That Her, and This Me. Surprisingly Incompatible

A funny thing happened to me a long time after my last breakup.

I did the thing you do… got one of those human-finding apps where you judge the next love of your life through a ceaseless stream of thumb-flickable faces.

So, I created a dating profile,
and then I stepped back.
I Looked at it.
I realized…

…the man being described in those words…
…would not have attracted her.
That gave me an uncomfortable relief. A heavy unburdening.

I spent a lot of time after that relationship, analyzing my behaviour, my actions, my mistakes. Trying to make sense of everything. I learned a lot. About myself. About how I show up in relationships. And about what I need to stay—so that when I’m in, I know fully, that I’m fully in.

What I didn’t realize, until looking at my new dating profile, was that I’ve not only learned, but changed. A lot. Next time, I won’t hide the bits of myself I thought unseemly to show in the daylight. The parts of myself that I was afraid to reveal.

It’s not that I didn’t trust her—it’s that I didn’t trust myself knowing that someone knew me in such vulnerable ways. In such unprotected places. Places that only came out in complete safety… and I never learned how to create that safety with her. She has her part in all of this, but I can only honestly see, understand, and change my part.

What I can say,
is that next time,
I won’t trade clarity for company.
I won’t be satisfied with “safe enough” to stay.
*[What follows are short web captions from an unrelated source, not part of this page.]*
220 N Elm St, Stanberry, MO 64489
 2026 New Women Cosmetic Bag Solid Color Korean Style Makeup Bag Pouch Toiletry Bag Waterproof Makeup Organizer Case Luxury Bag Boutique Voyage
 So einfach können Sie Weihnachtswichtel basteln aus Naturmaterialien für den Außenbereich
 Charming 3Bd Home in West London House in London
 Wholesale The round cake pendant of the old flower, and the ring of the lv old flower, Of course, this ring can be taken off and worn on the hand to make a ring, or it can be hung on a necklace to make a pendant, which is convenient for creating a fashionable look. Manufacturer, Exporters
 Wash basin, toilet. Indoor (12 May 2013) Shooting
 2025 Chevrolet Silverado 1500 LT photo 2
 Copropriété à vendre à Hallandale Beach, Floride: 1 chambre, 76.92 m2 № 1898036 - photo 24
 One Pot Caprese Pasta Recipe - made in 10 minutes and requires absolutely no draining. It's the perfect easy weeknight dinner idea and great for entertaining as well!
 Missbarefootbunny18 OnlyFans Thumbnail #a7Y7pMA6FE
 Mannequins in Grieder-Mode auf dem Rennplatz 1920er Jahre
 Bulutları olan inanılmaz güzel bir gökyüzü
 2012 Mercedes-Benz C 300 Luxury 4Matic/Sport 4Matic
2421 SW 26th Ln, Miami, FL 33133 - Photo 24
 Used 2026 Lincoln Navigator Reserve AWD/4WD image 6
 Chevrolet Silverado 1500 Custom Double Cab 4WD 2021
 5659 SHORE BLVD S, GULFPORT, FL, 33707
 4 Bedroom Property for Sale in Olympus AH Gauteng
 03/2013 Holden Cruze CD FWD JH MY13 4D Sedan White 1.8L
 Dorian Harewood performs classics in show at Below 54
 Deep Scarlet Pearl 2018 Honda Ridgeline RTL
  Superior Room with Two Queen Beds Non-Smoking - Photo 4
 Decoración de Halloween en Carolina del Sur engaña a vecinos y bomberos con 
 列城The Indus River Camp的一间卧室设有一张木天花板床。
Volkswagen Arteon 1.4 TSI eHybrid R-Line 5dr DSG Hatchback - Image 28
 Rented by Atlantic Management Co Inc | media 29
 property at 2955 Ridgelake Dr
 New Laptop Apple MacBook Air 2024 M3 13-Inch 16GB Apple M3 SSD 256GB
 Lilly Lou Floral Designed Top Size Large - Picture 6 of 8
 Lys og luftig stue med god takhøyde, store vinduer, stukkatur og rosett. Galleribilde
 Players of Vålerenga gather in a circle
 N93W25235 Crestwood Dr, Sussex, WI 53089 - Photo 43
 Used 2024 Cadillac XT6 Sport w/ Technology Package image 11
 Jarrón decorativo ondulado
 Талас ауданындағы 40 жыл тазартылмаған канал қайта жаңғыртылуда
The next woman I call ‘her’, and people who know me know who I mean, will be the softness I need to unfold myself—to lay bare the bits I used to protect… even from ‘her’.

She won’t be soft for me because it’s her job as my intimate ladyfriend, but by her choice—because my steadiness built the environment she needs, to be who she wants to be with me—so I can reveal all of who I am to her, trusting her with those unprotected bits.

I’ve realized that a lot of the pain of losing a relationship isn’t just from the loss of the person you were with… but it’s the loss of who you were when you were with them.

I thought my sadness was for the loss of her.
Truly though, it was grief at losing the me who I was.
In time, I’ve come to discover that I didn’t actually lose me.
He’s still in me. Part of me.
I’ve grown around him. From him.
Today, I understand him better than he understood himself.
That’s given me a lot of compassion for myself.